The sonochemical generation of NO(2)(−) and NO(3)(−) is considered to be one of the reasons for the low sonochemical oxidation activity in the presence of N(2) in the liquid phase. In this study, the generation characteristics of NO(2)(−) and NO(3)(−) were investigated using the same 28 kHz sonoreactor and the 12 gas conditions used in Part I of this study. Three gas modes, saturation/closed, saturation/open, and sparging/closed, were applied. N(2):Ar (25:75), N(2):Ar (50:50), and O(2):N(2) (25:75) in the saturation/closed mode generated the three highest values of NO(2)(−) and NO(3)(−). Ar and O(2) were vital for generating relatively large concentrations of NO(2)(−) and NO(3)(−). The absorption of N(2) from the air resulted in high generation of NO(2)(−) and NO(3)(−) for Ar 100 % and Ar/O(2) mixtures under the saturation/open mode. In addition, gas sparging enhanced the generation of NO(2)(−) and NO(3)(−) for N(2):Ar (25:75), O(2):N(2) (25:75), and N(2) significantly because of the change in the sonochemically active zone and the increase in the mixing intensity in the liquid phase, as discussed in Part I. The ratio of NO(3)(−) to NO(2)(−) was calculated using their final concentrations, and a ratio higher than 1 was obtained for the condition of Ar 100 %, Ar/O(2) mixtures, and O(2) 100 %, wherein a relatively high oxidation activity was detected.
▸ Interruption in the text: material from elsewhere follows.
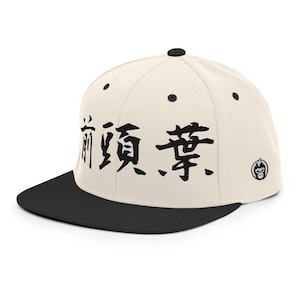 Könnte beinhalten: Cremefarbene Baseballkappe mit schwarzem Schirm. Die Kappe hat schwarze japanische Schriftzeichen auf der Vorderseite und ein kleines Logo an der Seite. Die Kappe hat einen flachen Schirm und einen Knopf oben.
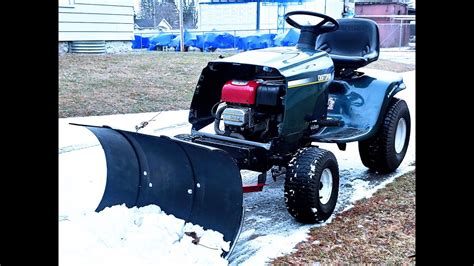 Diy tractor snow plow. Quick & Easy snow plow built from pieces of old materials that I had sitting around for my Craftsman LT1000 Lawn Tractor. Built for free using a old metal si...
From a summary of the results and findings of previous studies, it was revealed that the observations of NO(2)(−) + NO(3)(−) could be more appropriate for investigating the NO(2)(−) and NO(3)(−) generation characteristics. In addition, H(2)O(2)/NO(2)(−)/NO(3)(−) related activity rather than H(2)O(2) activity was suggested to quantify the OH radical activity more appropriately in the presence of N(2).